Cuando yo vivía allí, entre 1977 y 1980, Venezuela era un país modelo, un ejemplo de cómo hasta en América Latina se podía constituir una sociedad pujante, democrática, estable. Había dos grandes partidos que se alternaban en el poder, en elecciones limpias a las que concurrían los votantes con entusiasmo. Había optimismo, energía, ganas.
Había costado mucho llegar a eso. Ya en 1959, Fidel Castro veía a Venezuela como un potencial feudo cubano. El país se había liberado recién de la dictadura de Pérez Jiménez. Castro trató de subvertirlo con una guerrilla que él entrenó y financió. Felizmente los venezolanos la derrotaron, y Castro tuvo que esperar a Chávez para que el país cayera en sus manos.
Cuando me fui, en 1980, era simplemente impensable que esta próspera república fuera sometida a una tiranía “bolivariana”. Por eso yo siempre dije —y lo sigo diciendo— que lo que pasó allá podría pasar en cualquier país. De hecho, en Chile hemos llegado cerca. Con la UP y con esa nefasta Constitución que el Gobierno apoyó con tanto fervor. Y si bien logramos rechazarla, no cabe ser complacientes.
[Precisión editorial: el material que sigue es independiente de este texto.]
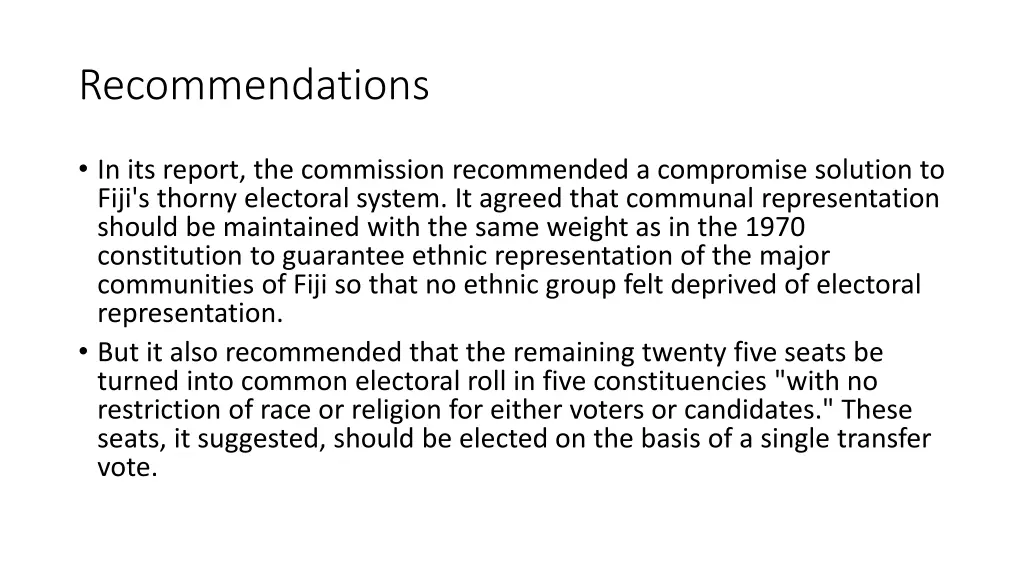 recommendations
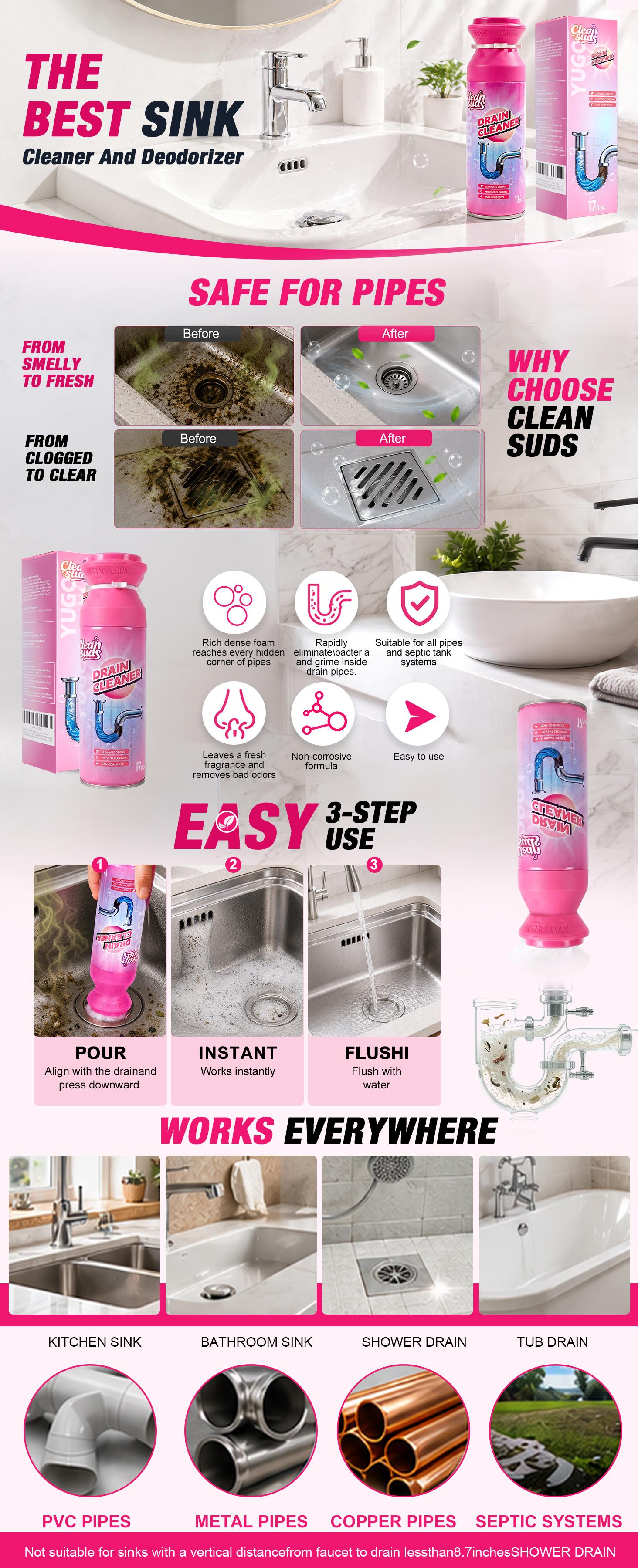 Foam Drain Cleaner - Drain clog Remover & Deodorizer & Cleaner for Kitchen Drains, Sinks, Shower Drains & Tubs
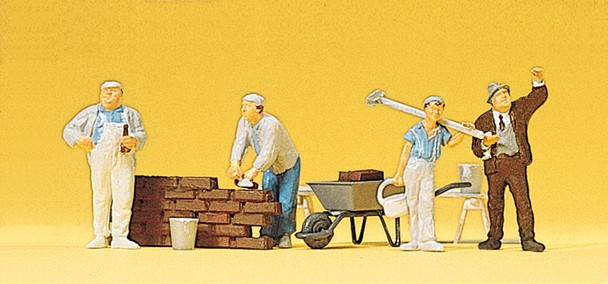 PREISER 10251 Bricklayers & Accessories 00/HO Model Figures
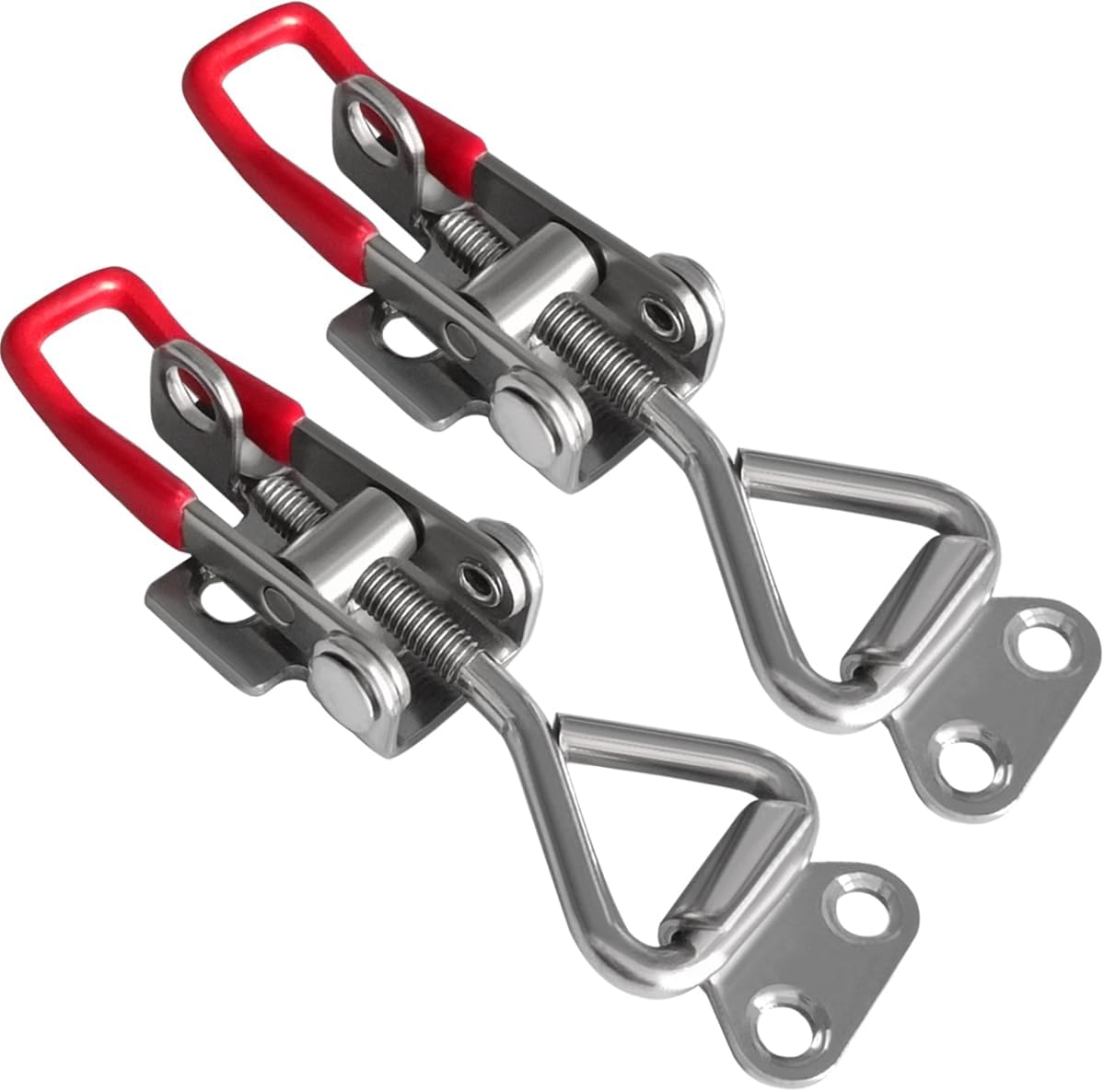 Toggle Latch Clamp 4001 with Lock Hole, 304 Stainless Steel Adjtable Heavy Duty Pull Hasp Latches For Smoker Cabinet Tool Box Case Trunk Door, 330Lbs Holding Capacity 2 Pack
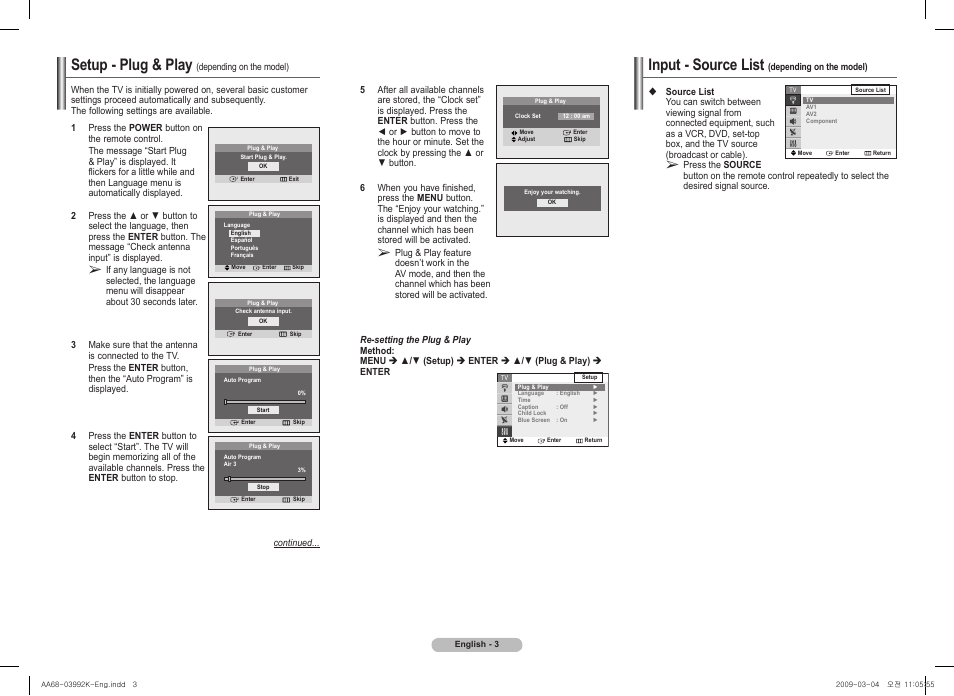 Input - source list, Setup - plug & play | Samsung 2Z47 User Manual | Page 3 / 8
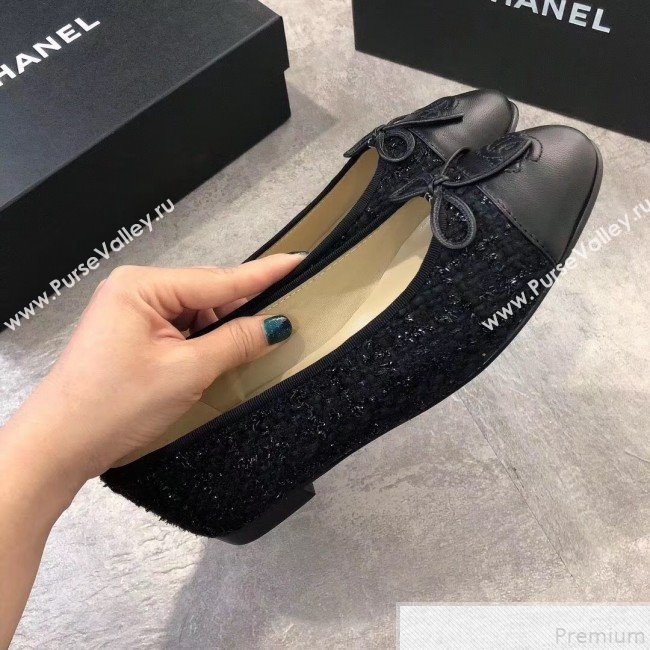 Chanel Tweed & Lambskin Leather Ballerinas All Black 2019 (DLY-9050195)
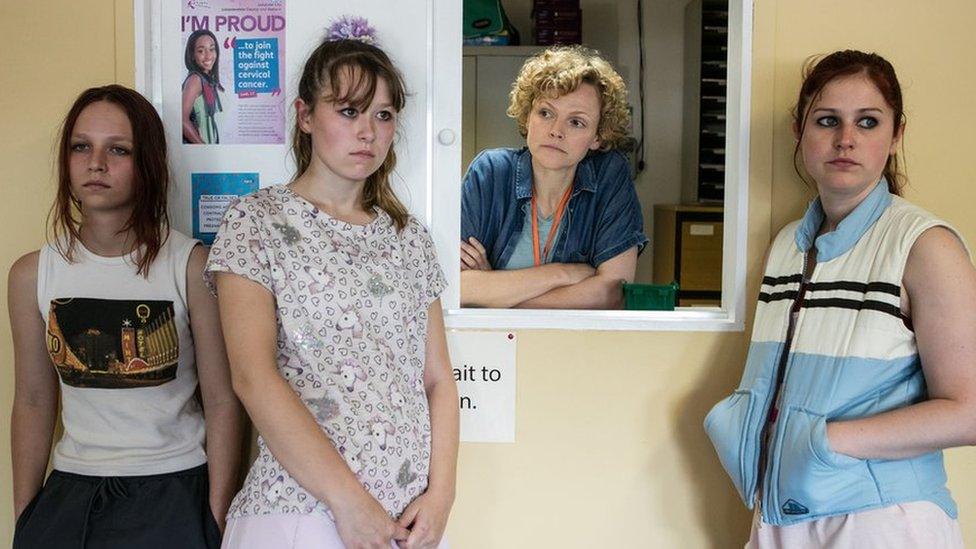 Holly (Molly Windsor), Ruby (Liv Hill), Sara Rowbotham (Maxine Peake) and Amber (Ria Zmitrowicz) in Three Girls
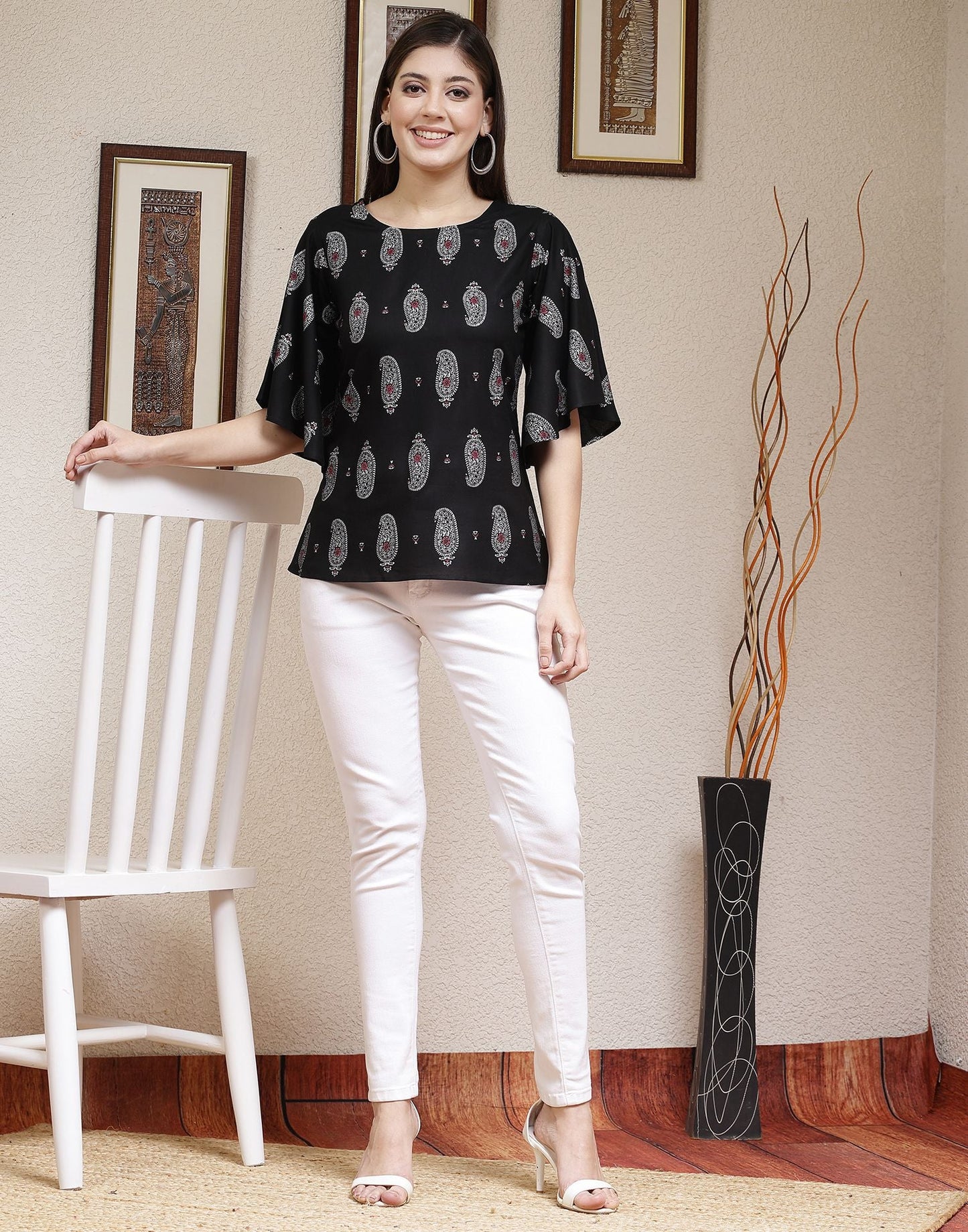 Black Printed Rayon Top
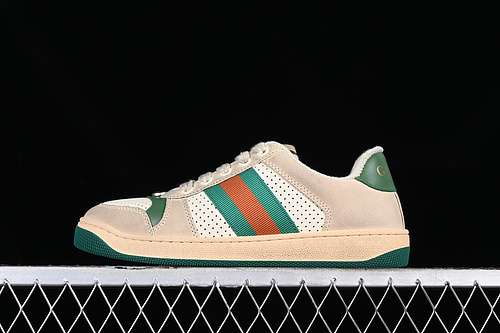 5609Y9209443GUCCI DISTRESSED SCREENER SNEAKER WHITEBROENGREYGREENWOMAN3540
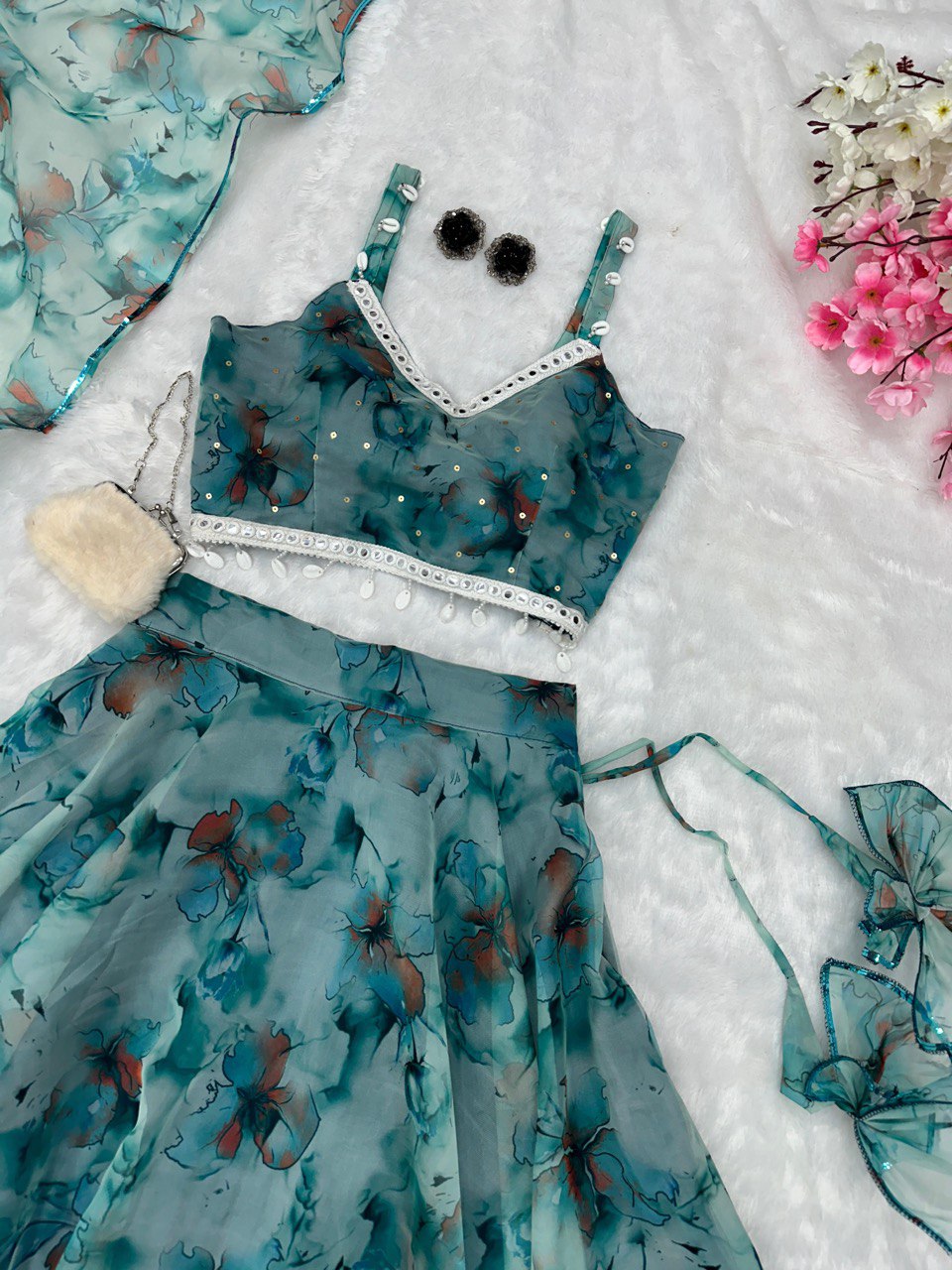 Sky Blue Experience Timeless Elegance with Our Exclusive Organza Lehenga Set ClothsVilla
Los mañosos intentos de debilitar la obligatoriedad del voto, sobre todo el de extranjeros, auguran lo que podría ocurrir si el Gobierno tuviera más poder.
En cuanto a las elecciones venezolanas, yo las creía singulares porque el suspenso que generaban no era el de elecciones típicas en que uno no sabe quién va a ganar: la duda era cómo iba a reaccionar Maduro al ser derrotado. ¡Cómo pequé de ingenuo! Porque es demasiado obvio que Maduro iba a desconocer el resultado.
Había suficientes indicios de que no le importa la opinión de nadie. El descaro con que deportaron a parlamentarios extranjeros debido a que, según la vicepresidenta Delcy Rodríguez, les faltaba “dignidad” para ingresar a esa “tierra sagrada”. Los discursos groseros, vulgares, matonescos de Maduro vaticinando un triunfo que evitaría “un baño de sangre”. La predicción que leí en El Siglo de que la oposición iba a desconocer el resultado. ¡Hasta el PC chileno sabía, entonces, que Elvis Amoroso iba a anunciar, desde el Consejo Nacional Electoral que preside, el “gran triunfo” de Maduro! El mismo Elvis Amoroso (que al portar ese nombre deshonra tanto al rock como al amor) ya había inhabilitado a María Corina Machado.
Cabe detenernos en la postura del PC en todo esto. Al apoyar un régimen que provoca que uno de cada cuatro de sus habitantes abandone el país, ¿qué nos está tratando de decir? ¿Que si gobernaran Chile les gustaría que se fuera un cuarto de la población? ¿Para que haya más recursos para los que se quedan? ¿O para que se vaya la oposición y después, como Maduro, no permitir que vote? ¿Que la población que quede sea pobre, hambrienta, dependiente del gobierno?
¿Quién después de esto podría imaginarse que el PC cree en la democracia, la justicia, los derechos humanos o el bienestar del pueblo? ¿Y qué decir cuando aprueba un gobierno que además es cercano al crimen organizado, cuando no su autor? ¿Uno que para colmo insulta al Presidente Boric, a quien ellos dicen apoyar?
Boric ha estado bien en este tema hasta ahora. Junto a su apoyo a Ucrania, su postura demuestra sustanciales divergencias con la del PC. ¿Sería mucho pedirle que ahora también critique al gobierno de Cuba? ¿Cómo puede temer las “líneas rojas” del PC si ellos no respetan ninguna con él?
Predeciblemente, los países aliados de Maduro —Rusia, Irán, Cuba, Nicaragua, Bolivia y China— lo han felicitado, y algunos caerán en Caracas como buitres, para acapararse de los escombros. Son casi todos países dedicados a la disrupción de democracias. Todos admirados por el PC.
Los próximos días son trágicamente inciertos. ¿Qué pueden hacer los venezolanos frente a una tiranía tan despiadada? ¿Frente a un bully matonesco y corrupto? ¿Qué pueden hacer los países democráticos? Urgente que haya respuestas a estas dolorosas preguntas.